A Word from the Editor-in-Chief

The following editorial was written at the absolute last second by the Editor-in-Chief. This editorial exists primarily to fill space, and should be considered satire, not be taken seriously.

Ah, finals week. A time for intense study, a time to eschew your social obligations in favor of academic rigour, and afterwards revel in the satisfaction of an A on an exam where the median grade was a D. You’ll be able to brag about it afterwards to your friends, impress members of the opposite sex, and strike fear into the hearts of your enemies.

If you are one of those miracle straight-A students, possibly in the Stromboli Honors College or other member of the academic aristocracy, that’s probably going through your mind right now. For the rest of us, who might have still have “forgotten” to buy the textbook by week 11 and who have never been addicted to adderall, finals week is a time for worry, worry, worry.

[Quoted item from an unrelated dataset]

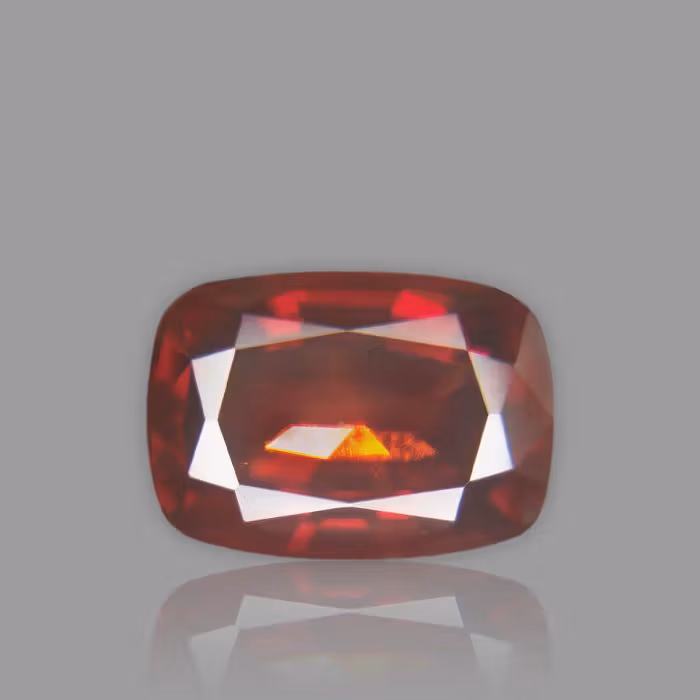 Red Garnet (Almandine-Pyrope) - 6.39 Carat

One of the best ways to prepare for finals week is to study. Studying imparts you with knowledge and the ability to succeed in your exam. However, there’s another part to that equation: confidence. Confidence is the ability to stop second-guessing that answer, because you know if you change it, it’ll be worse than before. Confidence is writing one sentence in the long-answer section, because you know that’s really all there is to say on the subject. Confidence is handing in the exam ten minutes after it starts, incomplete, in protest because (like many Drexel exams) the problems on it had nothing to do with the coursework.

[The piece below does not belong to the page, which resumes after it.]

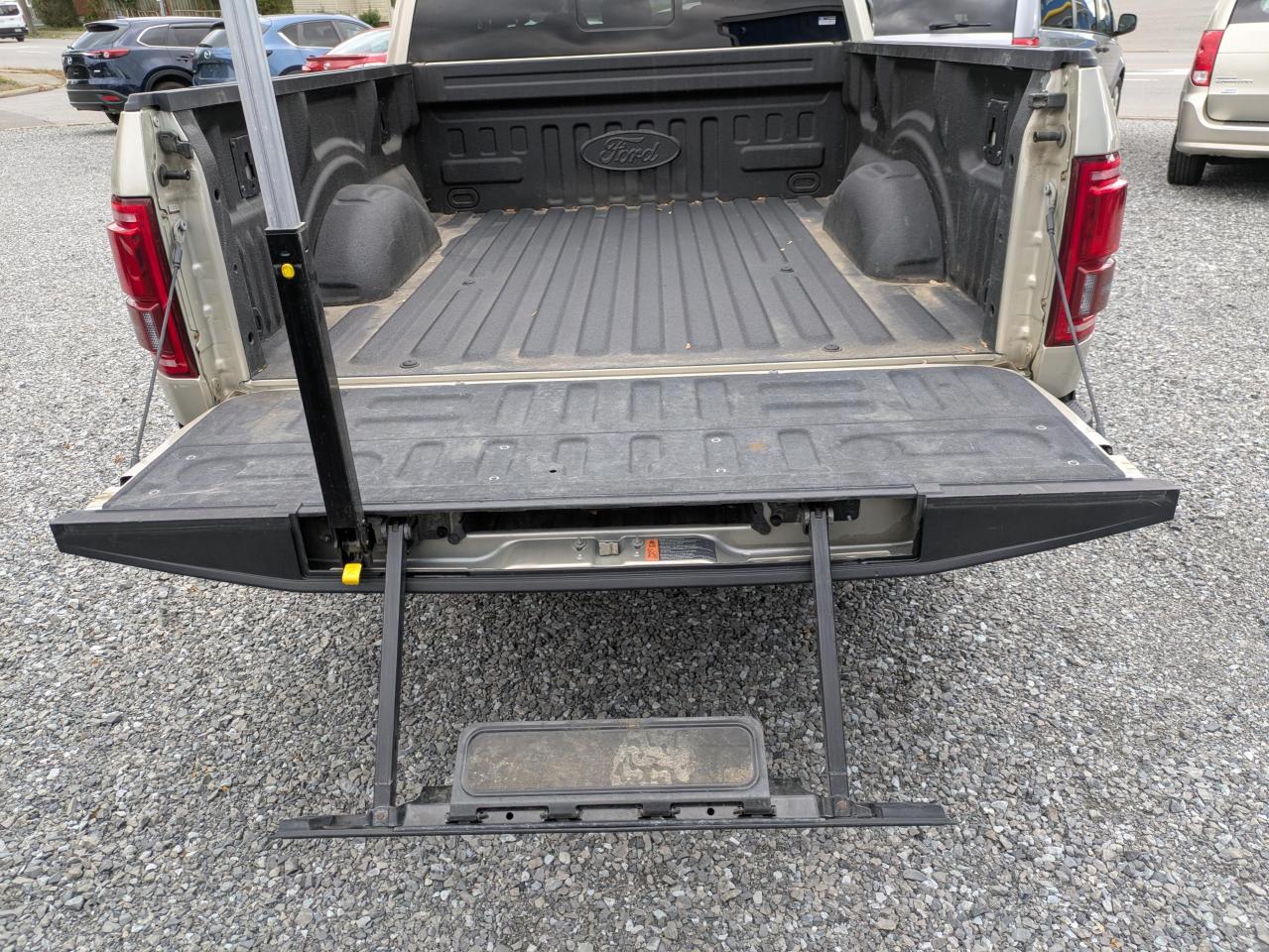 2017 Ford F-150 King Ranch KING-RANCH SUPERCREW Photo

To encourage confident exam taking, the Triangle endorses moderate alcohol consumption prior to any important exam. We’re not talking about a binge that leaves you black-out drunk for your exam, but maybe a Yuengling Lager or two before you leave for class, or a glass of red wine. If the weather warrants it, maybe a double whiskey, neat. (Do not talk to us about chasers.) If you’re really ambitious, pick up a coffee at the Wawa and throw some Bailey’s in there before walking into the exam room (nobody will know!)

Alcohol, as freshmen discover on Powelton Avenue, is a social lubricant. But taken with exams, it becomes an academic and intellectual lubricant, giving new insight and allowing to solve problems we didn’t even know we had. Your professor will be amazed by your new, unbridled creativity and confidence to answer his or her exam questions in ways never before thought possible.

So, study hard, but please, don’t go in the exam room harried and anxious. Stay cool, calm, and collected, without resorting to stealing your roommate’s Xanax again. Have a beer.

But please before heading off to that math exam, remember: alcohol and calculus don’t mix. Don’t drink and derive.